Lighting Europe, the European lighting manufacturers’ trade association, is contesting the findings. Despite the serious content of this topic and the SEA/CLASP report, observers may find humour in the debate. For instance, in Annex C of the report, one can find this passage:

[LightingEurope] objects to the authors using publicly available technical documentation and lamp finder tools published on their members’ websites to determine substitutability/compatibility. LE claims that these customer tools and reference documents published on their members’ websites are “marketing communications,” implying that they are not reliable sources.

SEA/CLASP believe that the published technical literature on the LightingEurope members’ websites and resources such as their on-line lamp selection tools are designed for professionals and contain trustworthy information for consumers, building owners and lighting specifiers alike. We believe that the information we have reviewed in preparing this report on the LE members websites is both accurate and truthful.

Innovation or status quo?

A interesting point is whether the Commission will decide to go for innovative solutions or protecting incumbent industries. According to media coverage (see, e.g., the Guardian) Member States such as Germany, the Netherlands and Hungary all have asked the Commission to extend the exemption. These countries are home to production of fluorescent lamps and two of the world's largest lighting companies are based in Germany and the Netherlands respectively.

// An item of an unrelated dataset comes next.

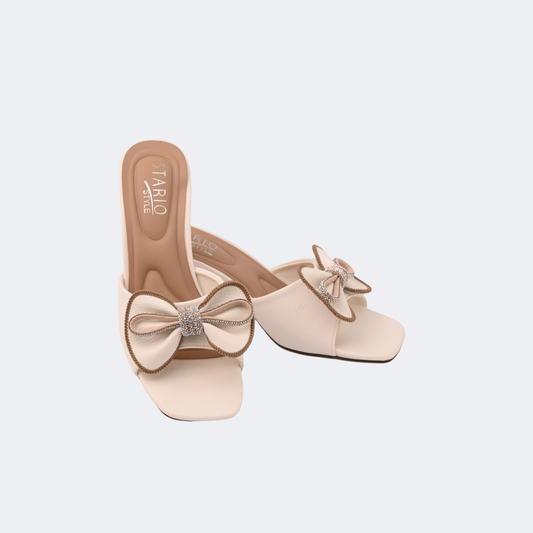 Beige high-heeled shoes with bow details on a light gray background | Vogelle
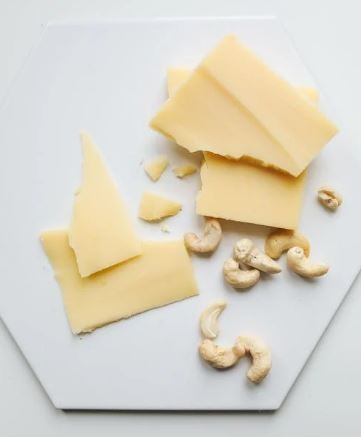 Sliced cheese beside cashew nuts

At the other hand, there are new companies that have developed solutions for replacing fluorescents with LED technology, trying to capitalise on new technologies and a belief that policy makers and politicians will act on climate and their commitment to conventions such as the Minamata convention. An article in the Dutch De Volkskrant (The fierce battle for the fluorescent tube: does Timmermans go for green innovation or the economy? – in Dutch) highlights the innovation aspect of this battle.

Minamata convention and global leadership

One important topic in the debate is how seriously the Minamata convention should be interpreted. The EU and its member countries have committed to reduce mercury whenever possible. The current debate and decisions will be a litmus test for how serious the convention should be interpreted. The Swedish Government has written an official position to the Commission about fluorescent lighting in RoHS stating that “Sweden’s main concern is that there are no legal grounds for renewing an exemption”.

It is clear, however, that whatever Europe decides on this issue, the outcomes will have global repercussions and affect how much Europe can be viewed as taking a leadership role. This applies both to mercury reduction, but also to energy and climate and it is perhaps the first real test for Europe’s Green Deal ambitions.